How does R handle data frames that contain columns of different data types?

  • It automatically converts all columns to the same data type
  • It assigns a common data type to all columns
  • It treats each column independently with its own data type
  • It raises an error
R treats each column in a data frame independently, allowing columns to have different data types. This means that each column can be operated on and analyzed separately based on its specific data type.

In R, the ______ function can be used to calculate a running median.

  • runMedian()
  • rollapply()
  • cummedian()
  • median()
In R, the rollapply() function from the zoo package can be used to calculate a running median. The rollapply() function allows you to specify a window size and apply a function (such as median()) to a rolling window of values. This is useful for analyzing time series or other sequential data.

Can you explain the difference between integer and numeric data types in R?

  • Integers can only store whole numbers while numerics can store both whole numbers and decimal values
  • Integers can store decimal values while numerics cannot
  • Integers take up more memory than numerics
  • There's no difference, the two terms can be used interchangeably
Numeric data types in R can store both integers and decimal values, while Integer data types can only store whole numbers.

What is the purpose of the which() function in the context of logical vectors in R?

  • It returns the indices of the elements that are TRUE
  • It returns the count of the elements that are TRUE
  • It returns the logical complement of the input vector
  • It returns the values of the elements that are TRUE
In the context of logical vectors in R, the which() function is used to return the indices of the elements that are TRUE. For example, which(c(TRUE, FALSE, TRUE)) would return the indices 1 and 3.

Describe a situation where you had to write a complex function in R. What were some of the challenges you faced, and how did you overcome them?

  • Handling large datasets efficiently
  • Implementing complex algorithms
  • Dealing with nested structures
  • All of the above
One situation where you might have to write a complex function in R is when handling large datasets, implementing complex algorithms, or dealing with nested structures such as lists of lists or data frames with multiple levels. Challenges may include optimizing performance, managing memory usage, handling edge cases, and ensuring code readability and maintainability. To overcome these challenges, you can use techniques like vectorization, efficient data structures, testing and debugging, and breaking down the problem into smaller, manageable components.

The ______ function in R can be used to handle missing values when calculating the mean.

  • mean()
  • na.rm()
  • na.omit()
  • na.mean()
The na.rm = TRUE parameter is used with the mean() function in R to handle missing values when calculating the mean. Setting na.rm = TRUE instructs R to ignore missing values in the calculation.

How do you perform multiplication in R?

  • *
  • +
  • -
  • /
In R, the operator * is used to perform multiplication. For example, 2 * 3 would result in 6.

Suppose you're asked to create a logical vector in R and perform some basic logical operations on it. How would you do it?

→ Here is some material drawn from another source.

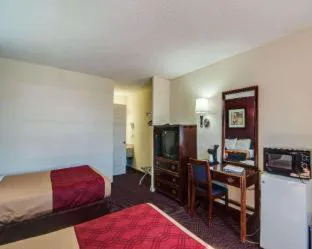 Econo Lodge Glade Springs I-81 hotel detail image 1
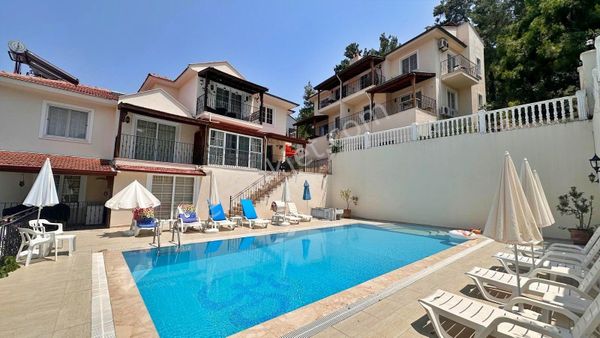 Hisarönü'nde Site İçerisinde Havuzlu Satılık 2+1 Fırsat Daire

  • Use the c() function to create the vector and apply logical operations using the appropriate symbols and operands
  • Use the str_detect() function from the stringr package to create the vector and perform logical operations
  • Use the subset() function to create the vector and perform logical operations
  • Use the ifelse() function to create the vector and perform logical operations
To create a logical vector in R, you can use the c() function to combine logical values. For example, my_vector <- c(TRUE, FALSE, TRUE). Then, you can perform basic logical operations on the vector using the appropriate symbols and operands.

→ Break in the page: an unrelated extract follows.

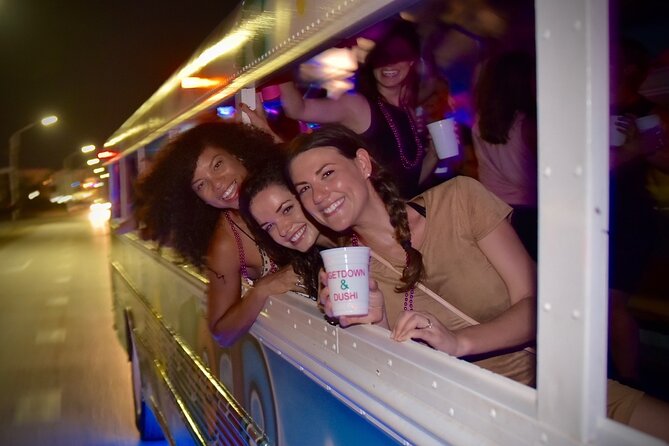 Aruba Nightlife and Barhopping on Chogogo Party Bus - What you actually get for $92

To change the color of segments in a pie chart in R, you would use the ______ parameter.

  • col
  • labels
  • fill
  • colors
To change the color of segments in a pie chart in R, you would use the fill parameter. By providing a vector of colors corresponding to each segment, you can assign different colors to different segments in the pie chart.

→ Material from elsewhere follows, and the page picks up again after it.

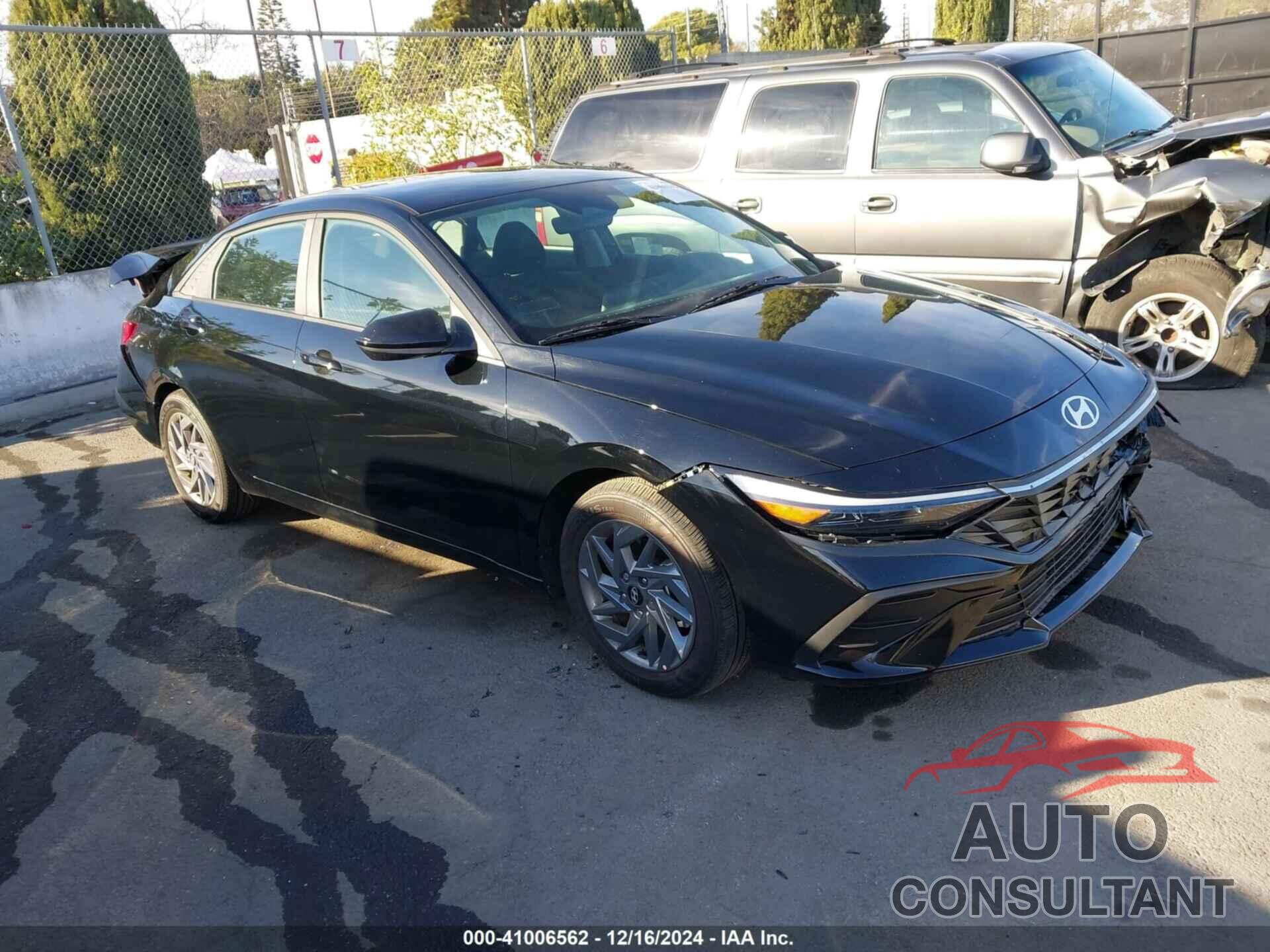 HYUNDAI ELANTRA 2024 - KMHLM4DG6RU844660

Imagine you're debugging a piece of R code that uses nested functions and encountering unexpected behavior. What are some strategies you could use to identify the problem?

  • Use print statements or the browser() function to inspect intermediate results
  • Step through the code using a debugger
  • Check the input data and ensure it meets the expected format
  • All of the above
When debugging a piece of R code that uses nested functions and encountering unexpected behavior, you can use strategies such as using print statements or the browser() function to inspect intermediate results, stepping through the code using a debugger, and checking the input data to ensure it meets the expected format. These strategies help in identifying potential issues or discrepancies in the code and allow for thorough debugging and troubleshooting.